Thank you for considering a contribution to js-amino! This guide explains how to:
- Get started
- Development workflow
- Get help if you encounter trouble
Before starting to work on a feature or a fix, please open an issue to discuss the use case or bug with us. This can save both you and us a lot of time. For any non-trivial change, we'll ask you to create a short design document explaining:
- Why is this change done? What's the use case?
- What test cases should it have? What could go wrong?
- How will it roughly be implemented? (We'll happily provide code pointers to save you time)
Fork repo to your account to continue work there.

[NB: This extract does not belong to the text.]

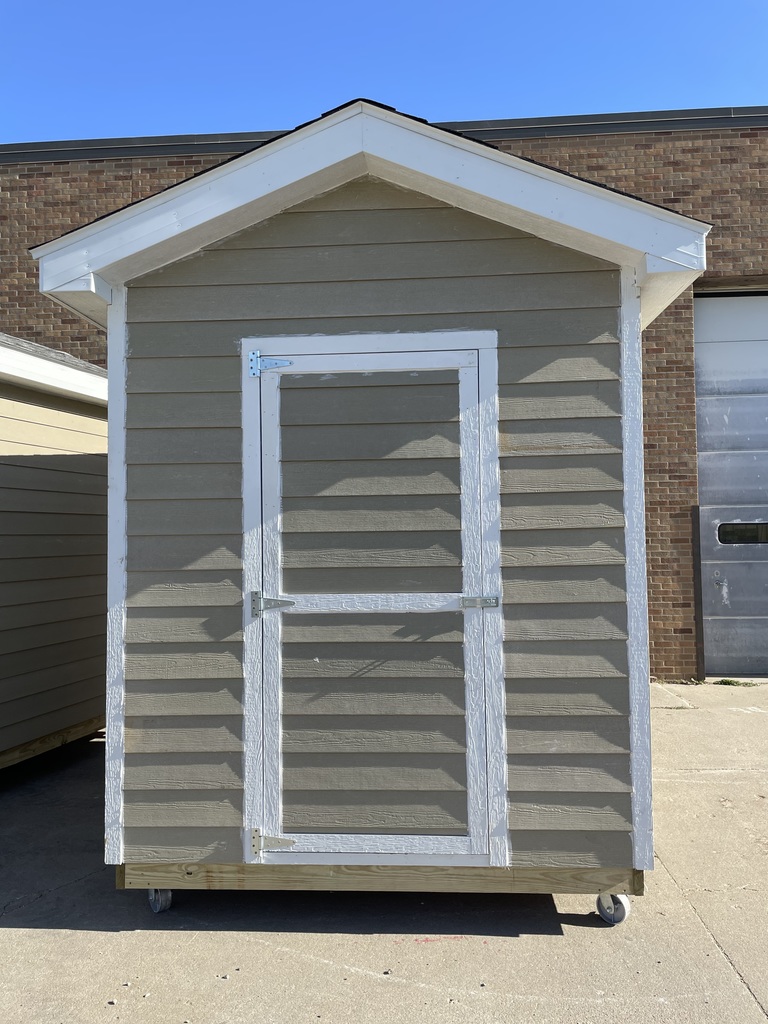 Shed for Sale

The commit messages that accompany your code changes are an important piece of documentation, please follow these guidelines when writing commit messages:
- Keep commits discrete: avoid including multiple unrelated changes in a single commit
- Keep commits self-contained: avoid spreading a single change across multiple commits. A single commit should make sense in isolation
- Include GitHub issue in the commit message on a first line at the beginning. Example:
#123 Refactor CONTRIBUTING.md
--Add Creating Commits And Writing Commit Messages Section
After you submit your pull request, a core developer will review it. It is normal that this takes several iterations, so don't get discouraged by change requests. They ensure the high quality that we all enjoy.
If you run into any trouble, please reach out to us on the issue you are working on.
We deeply appreciate your effort toward improving js-amino. For any contribution, large or small, you will be immortalized in the release notes for the version you've contributed to.